CatBoost / MindsDB / Fast.ai

Info

Article is based on feedback provided by one of Altinity clients.

CatBoost:

It uses gradient boosting - a hard to use technique which can outperform neural networks. Gradient boosting is powerful but it’s easy to shoot yourself in the foot using it.
The documentation on how to use it is quite lacking. The only good source of information on how to properly configure a model to yield good results is this video: https://www.youtube.com/watch?v=usdEWSDisS0 . We had to dig around GitHub issues to find out how to make it work with ClickHouse.
CatBoost is fast. Other libraries will take ~5X to ~10X as long to do what CatBoost does.
CatBoost will do preprocessing out of the box (fills nulls, apply standard scaling, encodes strings as numbers).
CatBoost has all functions you’d need (metrics, plotters, feature importance)

It makes sense to split what CatBoost does into 2 parts:

preprocessing (fills nulls, apply standard scaling, encodes strings as numbers)
number crunching (convert preprocessed numbers to another number - ex: revenue of impression)

Compared to Fast.ai, CatBoost pre-processing is as simple to use and produces results that can be as good as Fast.ai.

The number crunching part of Fast.ai is no-config. For CatBoost you need to configure it, a lot.

CatBoost won’t simplify or hide any complexity of the process.
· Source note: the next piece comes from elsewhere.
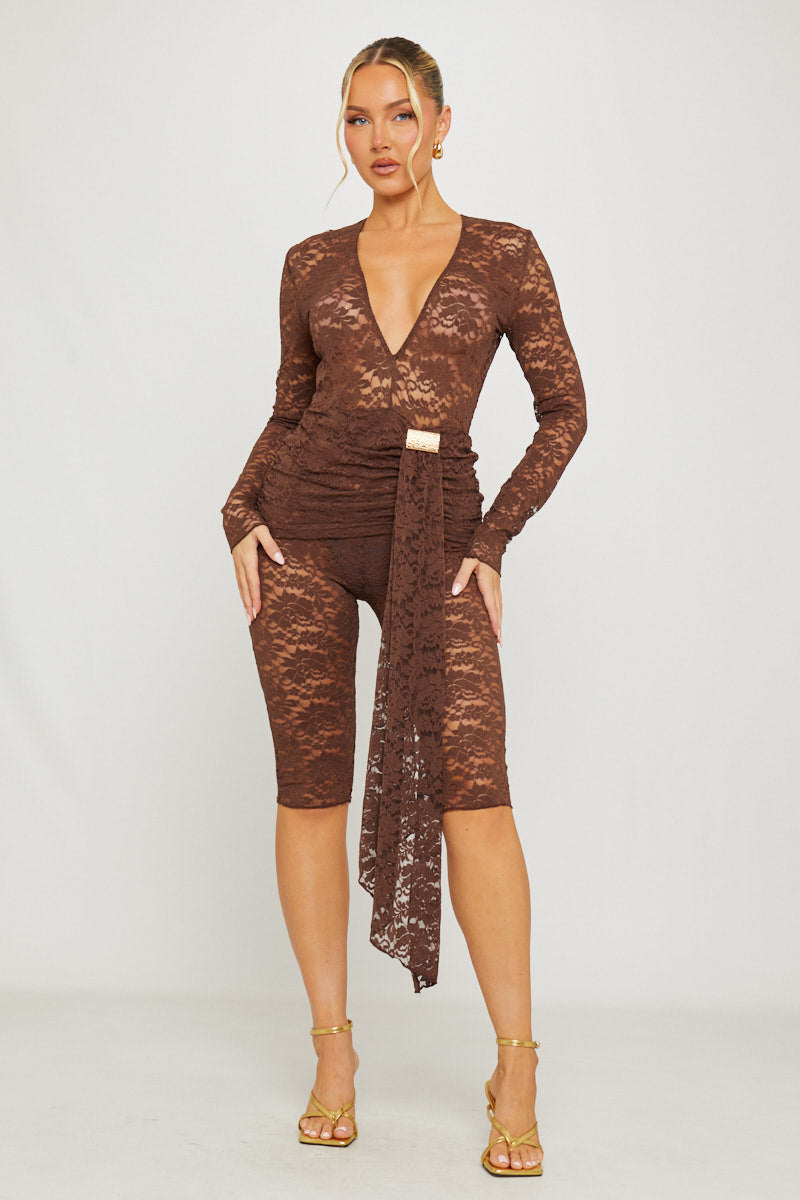Brown Lace Plunge Drape Detail Capri Jumpsuit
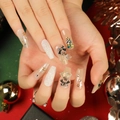 JP2780-Silver Glitter Star Bell Bow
So you need to know data science terms and what it does (ex: if your model is underfitting you can use a smaller l2_reg parameter in the model constructor).

In the end both Fast.ai and CatBoost can yield comparable results.

Regarding deploying models, CatBoost is really good. The model runs fast, it has a simple binary format which can be loaded in ClickHouse, C, or Python and it will encapsulate pre-processing with the binary file. Deploying Fast.ai models at scale/speed is impossible out of the box (we have our custom solution to do it which is not simple).

TLDR: CatBoost is fast, produces awesome models, is super easy to deploy and it’s easy to use/train (after becoming familiar with it despite the bad documentation & if you know data science terms).

Regarding MindsDB

The project seems to be a good idea but it’s too young. I was using the GUI version and I’ve encountered some bugs, and none of those bugs have a good error message.

It won’t show data in preview.
The “download” button won’t work.
It’s trying to create and drop tables in ClickHouse without me asking it to.
Other than bugs:
- It will only use 1 core to do everything (training, analysis, download).
- Analysis will only run with a very small subset of data, if I use something like 1M rows it never finishes.
Training a model on 100k rows took 25 minutes - (CatBoost takes 90s to train with 1M rows)
The model trained on MindsDB is way worse. It had r-squared of 0.46 (CatBoost=0.58)
To me it seems that they are a plugin which connects ClickHouse to MySQL to run the model in Pytorch.
It’s too complex and hard to debug and understand. The resulting model is not good enough.
TLDR: Easy to use (if bugs are ignored), too slow to train & produces a bad model.

Last modified 2021.08.12: General corrections and updates. (876b7b6)